The only way that a technology ends up being used by people who are not building it is if it’s sold or given away. In either situation, it needs to be “productized” ie. made legible and useful for people outside the organization. If it is going to be sold on an open market, it also needs to be “commercialized” ie. made cheap and desirable enough that it makes sense to sell it in the first place.
As with anything there are exceptions. The major exception happens when a technology is created and used entirely internally to an organization. Many of the internal tools used at Google are clean examples of entirely internally created, manufactured, and used tools. Additionally there is open pen source software. Firms can create technology barter deals. At-home manufacturing completely breaks the model, although arguably that would just be a trend towards a less monetized economy.

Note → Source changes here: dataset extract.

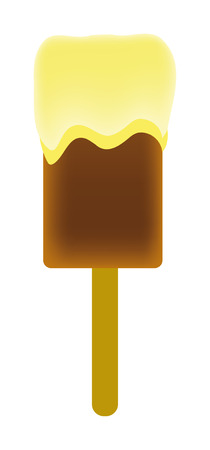 nice illustration of ice lolly isolated on white backgroundのイラスト素材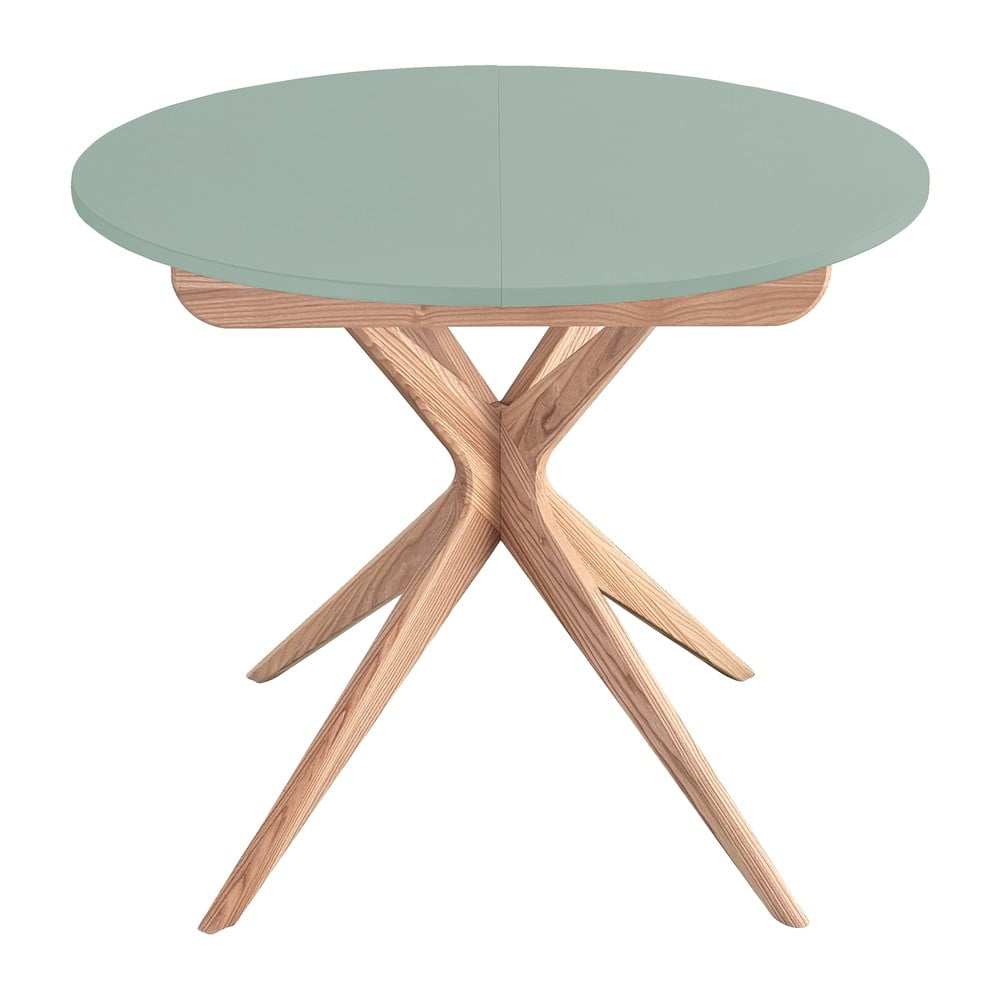 Kerek bővíthető étkezőasztal hosszabbító asztallappal ø 90 cm Jubi – Ragaba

It’s a common perception that the military creates internal technology similar to Google and sits outside the market as an unmoved mover of technology. The US government’s version of internal technology creation is less clean than Google’s. The government owns R&D labs in order to create the technology that it specifically needs. However, to my knowledge, the government still contracts out manufacturing to external firms as opposed to owning the manufacturing plant and giving it a budget. However, many of these contracting firms only work for the US government (as opposed to the big primes) so they may be part of the government for all intents and purposes. Organizations can get incomes via Contracts, budgets, or products. So even military technology is purchased eventually. The firms that sell to the military need to pay their bills so the costs do matter (though cost-plus contracting distorts this) and if the military paid less than the cost of the goods the firms would go out of business. And while the US military spends hundreds of billions of dollars a year ($934B in 2019), it does not have infinite money. So while they are weaker, I’d argue that the forces of market discipline do act on military technology - if it becomes cheaper for the same quality it will be used more.
If this view is correct, it means that in a monetized economy, commercialization is an essential step on a technology’s path to adoption. There is an implicit feeling among some technologists^1 that commercialization is a lesser activity for people just out to make money. Instead, it should be seen as a critical part of Phenomena-based cycles.
^1: My past self included, which is one of the reasons for this note.